The root of this problem is buried in the demands of capitalism. I doubt anyone would argue that making tools of art creation available to layfolk is a bad thing — but the reality of a competitive economy where art is commercialized and commodified sours that principle. In this context, the criticism surrounding AI art is just another head on the hydra of anti-automation that emerges in response to technological leaps.
The central problem isn’t AI art — it’s that our economy pits labor against progress. In the inherently competitive space of the market, no work of art is entitled to success, and keeping up with advancement is part of the competition — as it is in any field. Commercial artists may have to adopt AI-based tools to remain competitive, and I think combining these tools with their own expertise will still be lucrative when compared to AI users who can’t tweak the model’s output because they lack the requisite skillset.
None of this is to say art created without cutting-edge tools isn’t valuable, or that it isn’t exquisite work; just that it may not be commercially viable.
So What is it Good For Right Now?
Speed and flexibility.
Getting back to my original story about tinkering with RenPy: I wanted assets that I could drop into place quickly and cheaply, and I’m not a visual artist.
Enter Midjourney. Within a few hours, I’d abandoned the idea of using it for any actual production assets, but the value in rapidly prototyping things became apparent. Could I produce the exact scenes and character art I’d envisioned? No. Somewhere along the line, I’d have to enlist the help of a talented human artist to get exactly what I wanted in terms of quality and vision.
But in the meantime, Midjourney provided excellent placeholders and even iterated some new directions for the ideas I fed into it. It’s a prototyping tool, and in that niche its strengths are highlighted without encroaching on the domain of human artwork. In the context of a large project, it’s a temporary tradeoff between speed and precision.
And even in cases where AI art might suffice completely for an indie game or tabletop gaming module, I don’t see that as a bad thing.
Nobody’s good at everything — but everyone deserves to make art.

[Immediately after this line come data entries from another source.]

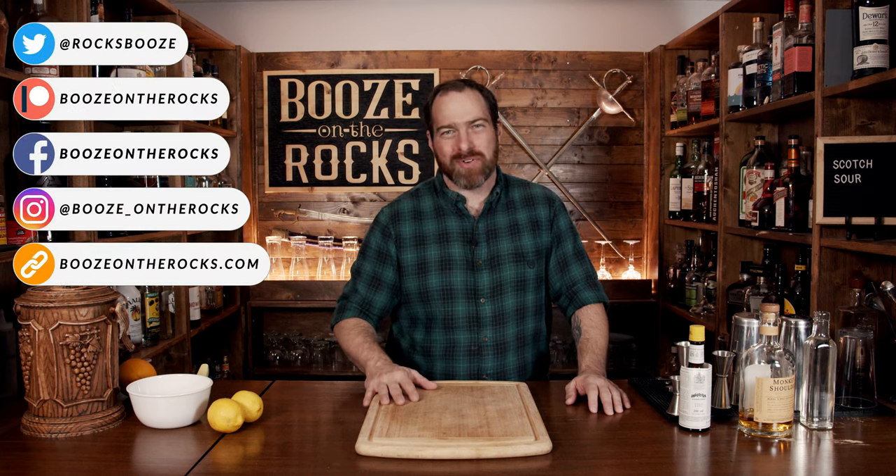Welcome to Booze on the Rocks, where we make cocktails for everyone. My name is David Edwards, and it's great to have you here today.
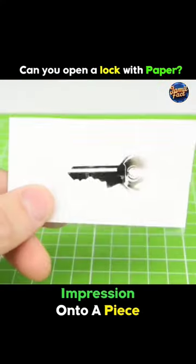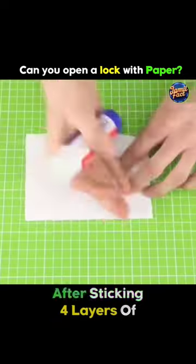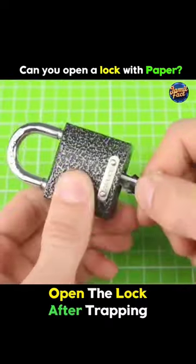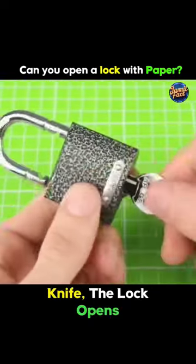Next, they paste this impression onto a piece of paper and cut the paper in the shape of the key. After sticking four layers of paper on top of each other, when they attempt to open the lock, after trapping the key inside, when they turn the key with a knife, the lock opens.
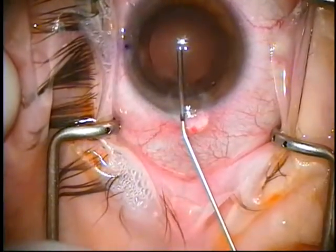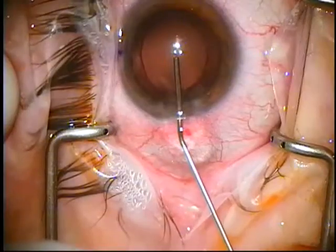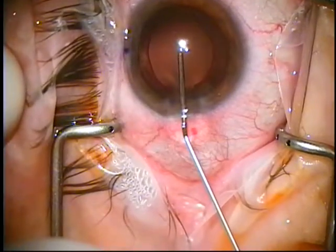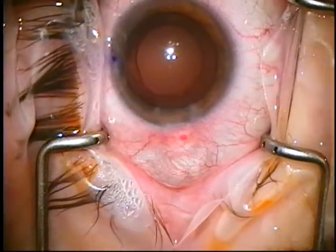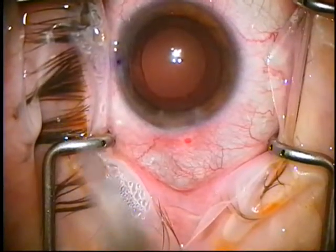Confirm that it is, and I sort of follow the bag downward. Once I see it come out of the wound, I know I've overfilled these lenses. The acrylic lenses are very sticky. It's better to overfill versus underfill. You don't want them sticking to the capsule.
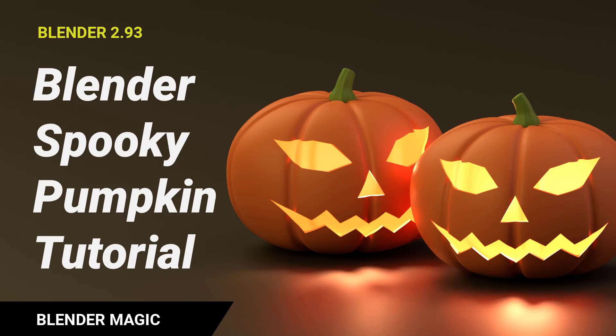I decided to make a carved pumpkin this time even though it's not the Halloween season. It was fun and I hope you enjoy making it too. Please subscribe and leave a like if you think my tutorials are helpful. Let's begin.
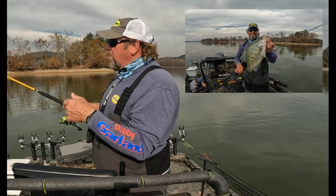So when you're out in this cold weather, try this float and fly — it's going to help you catch a bunch of fish. I'll see you then. Let's go.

AI tools make the creative process easier and more accessible, and that’s a good thing.
The other compromise that can highlight Midjourney’s capabilities is flexibility. When a player in my D&D game asks what a random shopkeeper or tavern server looks like, I can feed Midjourney a general description and get back a result quickly. I don’t particularly care what the end result looks like in specific, just that some basic criteria are met.

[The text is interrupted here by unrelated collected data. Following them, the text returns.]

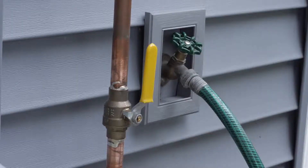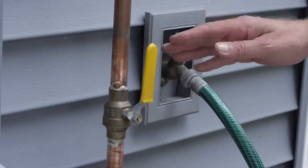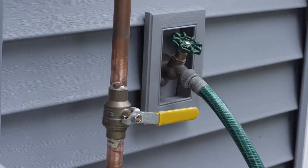In warmer climates, the shutoff valve is likely just outside the house and near an outside faucet. In newer homes, you'll find a valve that looks like this. To turn off the water, move the valve handle to a horizontal position.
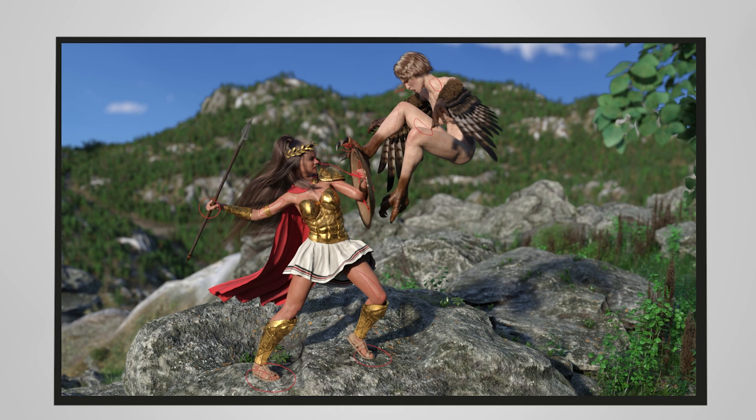Nice use of D-Force hair there again — so a lot of motion there. Really strong improvements from the last one. Very little to pick up on this image in terms of things I'd improve, so I'd be really happy with that if I were you, Steve. Thanks very much for another submission.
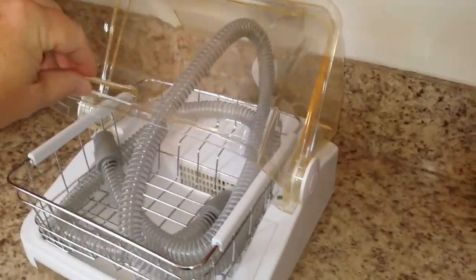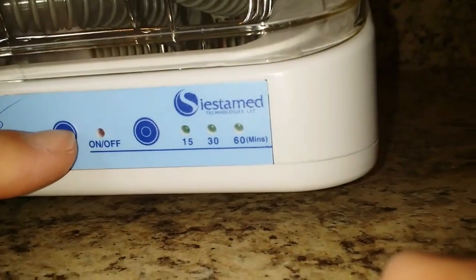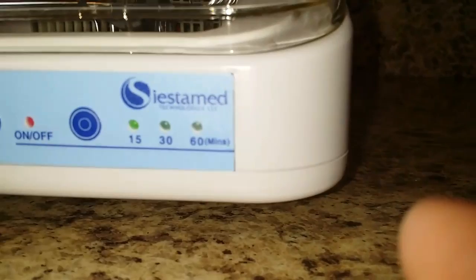Pretty simple. It just kind of closes down there, and then it's got this button here to turn it on. The default is 15 minutes, and you can adjust that just by pushing this button right here.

Moreover, in that context it’s easy to accept some of Midjourneys quirks — feet that blend into the floor, hands with questionably-numbered digits, and so on — because of the low-stakes context.
It’s also cool to just type in a title or phrase that popped into your head when ideating. It’s neat to see how, even with completely made-up concepts, names, or phrases, the model works to stitch together some understanding of the words. This is maybe my favorite way to use the service; it’s like playing a game with the model, testing how it responds to the motifs and memetics embedded in its collective psyche through training data and learned response.
AI in its current iteration is a great rapid prototyping mechanism provided the stakes are low or you have the expertise to tweak its output. It’s a tool, like the syntax highlighting of an IDE or the innumerable capabilities present in modern digital art software. They lower the skill floor, but their full potential is still only unlocked in the hands of an expert.
And when it comes to the sphere of art for art’s sake, there’s an open argument here over whether hours iterating strange poetry to a capricious, opaque model meets expectations of effort some have for the artistic process.
But then, arguing over what qualifies as art is hardly anything new.